La reglas no han cambiado; la catarsis colectiva acumula triunfos que se promocionan como la lista completa; Baldizón ha dejado el tapete (al menos por el momento); las elecciones fueron todo un éxito, desde el punto de vista formalista; las tensiones y escenarios de conflictividad lograron contenerse. La ecuación está completa. Experimentamos una especie de receso, donde quedan dos equipos que se enfrentarán en el segundo tiempo en un escenario donde a ambos les interesa ganar adeptos, mantener su voto duro, buscar enfrentarse bajo situaciones controladas, desgastar al contrario. También llegó el momento donde pasan a mayor exposición y, por tanto, a mayor riesgo. UNE y FCN no estuvieron bajo el lente principal, que fue monopolizado por Líder. Ambos partidos no pasaron desapercibidos, pero sus formas de posicionamiento no fueron monitoreadas con detalle. Eso sucederá ahora, por lo que sus binomios serán auscultados en cada paso que den. De allí que las primeras declaraciones de J. Morales caigan en el terreno de la improvisación, de las ocurrencias, de los deslices. Ese no es el preámbulo deseable ante la posibilidad de gobernar un país, sumido en necesarios cambios y altas expectativas. No tenemos alternativas creíbles, pero alguna de las dos ganará la elección; pero de allí a estar en condiciones de gobernar hay una distancia como de la Tierra al Sol. La UNE pretende asumir un papel distinto: el partido serio, que tiene propuesta definida, que ha aprendido de sus errores, que tiene la experiencia de haber gobernado. Esa posición puede jugarles una mala pasada, ya que su pasado los obliga a ser estáticos, e incluso defensivos (por la serie de señalamientos que giran a su alrededor). Las demandas de la política contemporánea requieren candidatos y propuestas dinámicas, frescas, creíbles que apelen a lo concreto. Ambos partidos andan en otras coordenadas, las de un sistema que fue, pero no puede seguir siendo.

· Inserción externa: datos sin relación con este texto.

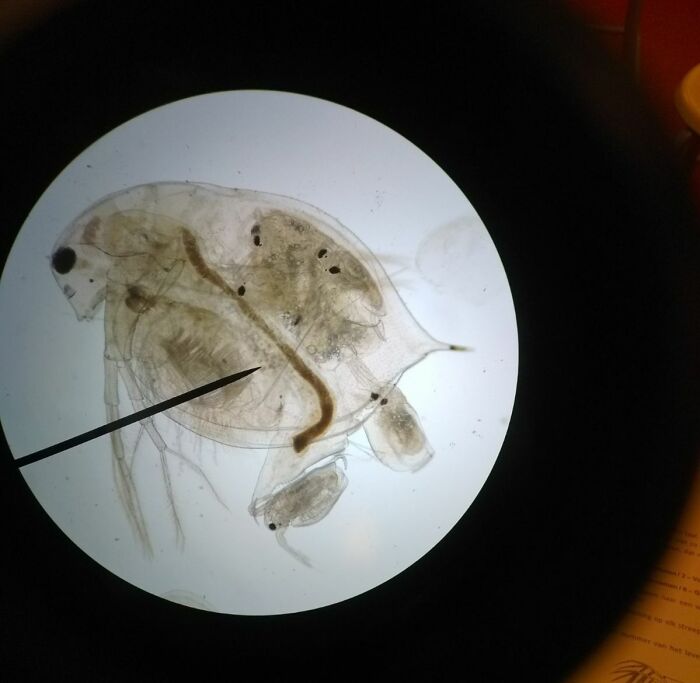 Microscopic image showing the detailed structure of a tiny aquatic organism through a lens for a different perspective.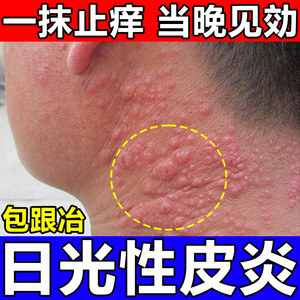 日光性皮炎紫外线过敏药膏根除修复霜皮肤晒伤止痒专用日本特效药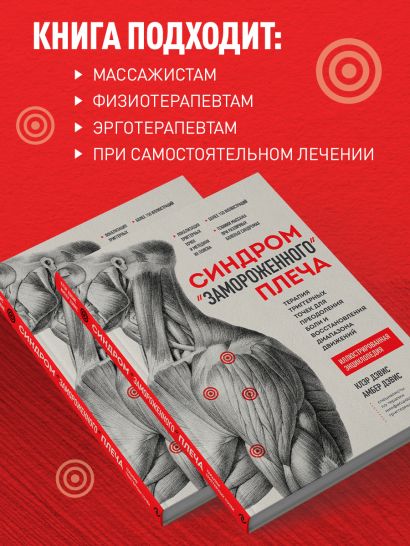 Синдром «замороженного» плеча. Терапия триггерных точек для преодоления боли и восстановления диапазона движений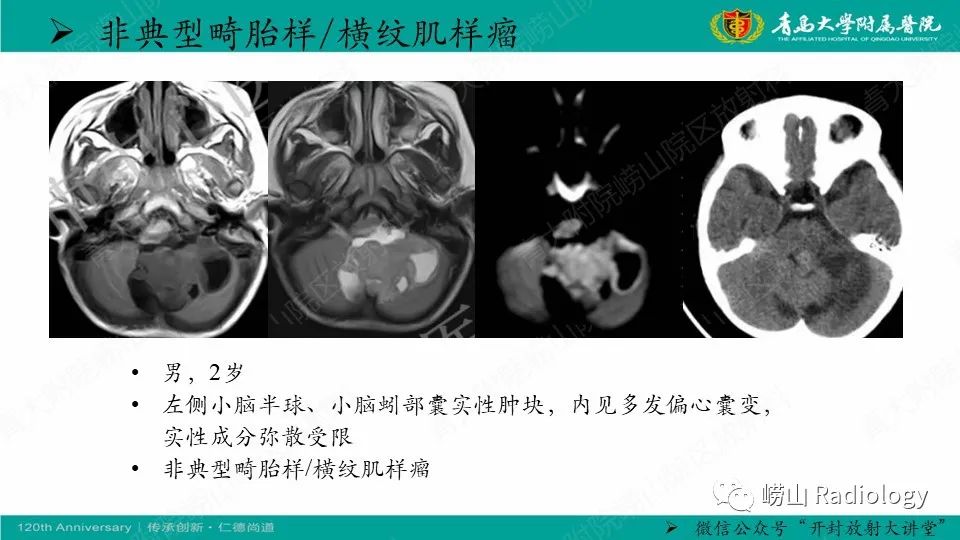 影像PPT - 【病例】髓母细胞瘤1例CT及MR-15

No esperemos contenidos, debates, ni siquiera ideas distintas, en un contexto que está lejos de lo deseable; que no es el mismo de hace cuatro meses, pero que puede correr el grave riesgo de asumir un papel contemplativo, engañado por quienes interesa implantar la idea que ha llegado el momento del gobierno del cambio. El juego de intereses sigue su ruta trazada con precisión desde tiempo atrás. Los que apostaron por Baldizón también pusieron los huevos en los dos canastos que han quedado. Quienes solo confiaron en la bancada roja, pueden volver al redil, ya que la cancha del Estado y sus recursos puede seguir repartiendo a varias bandas y a manos llenas. Ocurre la recomposición de las alianzas, urgidos de nuevas estrategias para evadir al MP; tomar cauces alternos para no dejar de perder. La cuenta ha comenzado de 0. Lo que aparentemente es el segundo tiempo, es en realidad un nuevo juego donde toca aislar a quienes salieron afectados por los casos, pero nada más. Lo que para unos son vientos de cambio, para los ambiciosos son solo eventualidades.
No tenemos alternativas creíbles, pero alguna de las dos ganará la elección; pero de allí a estar en condiciones de gobernar hay una distancia como de la Tierra al Sol.